_YOUR ASSIGNMENT_
Omit the pictures from the entries below and retype everything else exactly.

_EXCERPTED RECORDS_

--*--

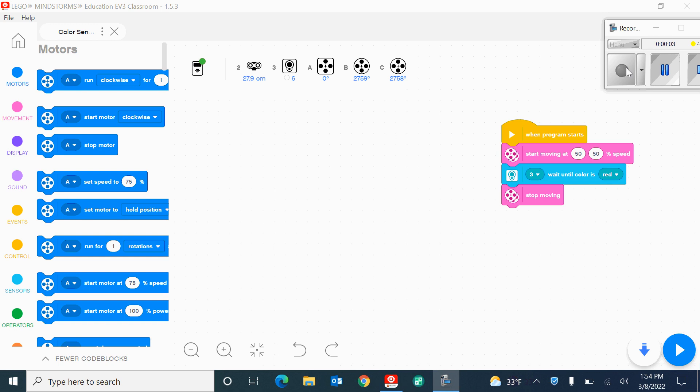Hey, in this demonstration I'm going to show you how to use the color sensor to get the EV3 to respond to different colors. You can do things like stop at a color, speed up at a color, make turns when you see a color, and so there's a lot of uses we can do with the color sensor.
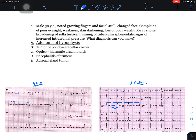Question 13: A 30-year-old male presents with growing fingers, changed facial skull, poor eyesight (due to orbital bone growth affecting accommodation), weakness, skin darkening, and loss of body weight. The weight loss suggests malignancy. X-ray shows broadening of sella turcica, thinning of the tubercellum and sphenoid, and signs of increased intracranial pressure. What is the diagnosis?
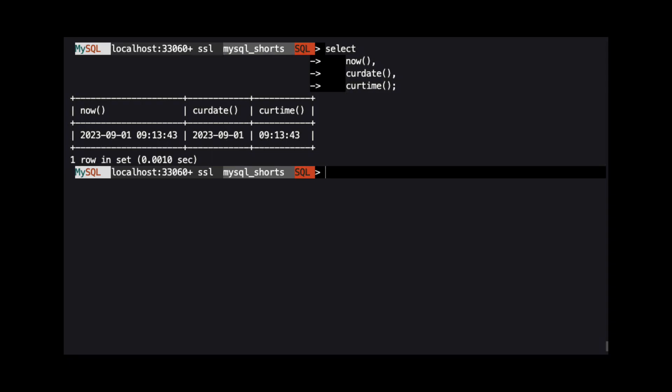The result from CURDATE follows the same format, but only contains the date information. And the result from CURTIME follows the same format, but only contains the time information.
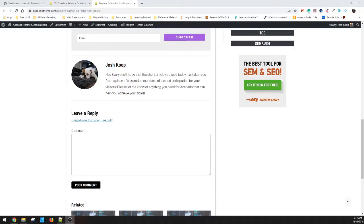Hey guys, this is Josh from Acombatotheme.com. Today I just wanted to quickly cover an easy answer for people that are looking to remove the author box down below their text.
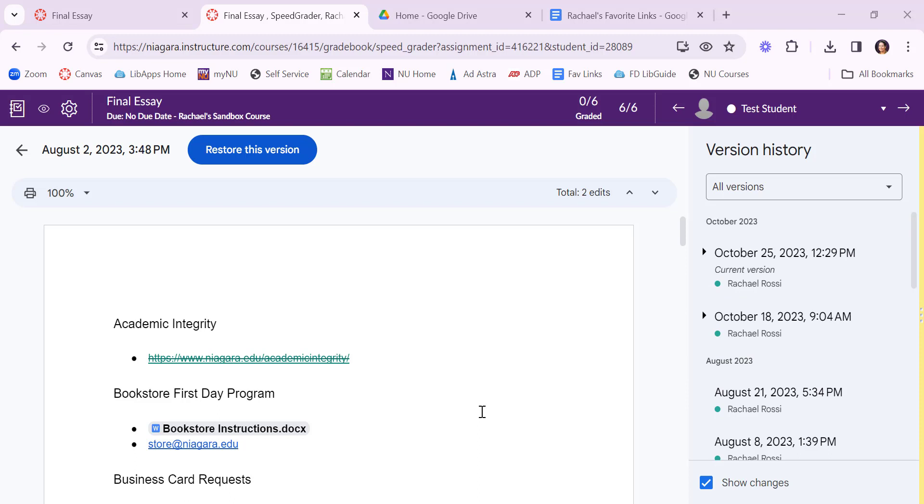If you don't like Google Docs and you would rather receive a Word document from your student, remember all of our students get Office 365 accounts online so you can still collect Word documents in this similar fashion. Let me show you what that looks like.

--*--

_RESULT_
Hey, in this demonstration I'm going to show you how to use the color sensor to get the EV3 to respond to different colors. You can do things like stop at a color, speed up at a color, make turns when you see a color, and so there's a lot of uses we can do with the color sensor.
Question 13: A 30-year-old male presents with growing fingers, changed facial skull, poor eyesight (due to orbital bone growth affecting accommodation), weakness, skin darkening, and loss of body weight. The weight loss suggests malignancy. X-ray shows broadening of sella turcica, thinning of the tubercellum and sphenoid, and signs of increased intracranial pressure. What is the diagnosis?
The result from CURDATE follows the same format, but only contains the date information. And the result from CURTIME follows the same format, but only contains the time information.
Hey guys, this is Josh from Acombatotheme.com. Today I just wanted to quickly cover an easy answer for people that are looking to remove the author box down below their text.
If you don't like Google Docs and you would rather receive a Word document from your student, remember all of our students get Office 365 accounts online so you can still collect Word documents in this similar fashion. Let me show you what that looks like.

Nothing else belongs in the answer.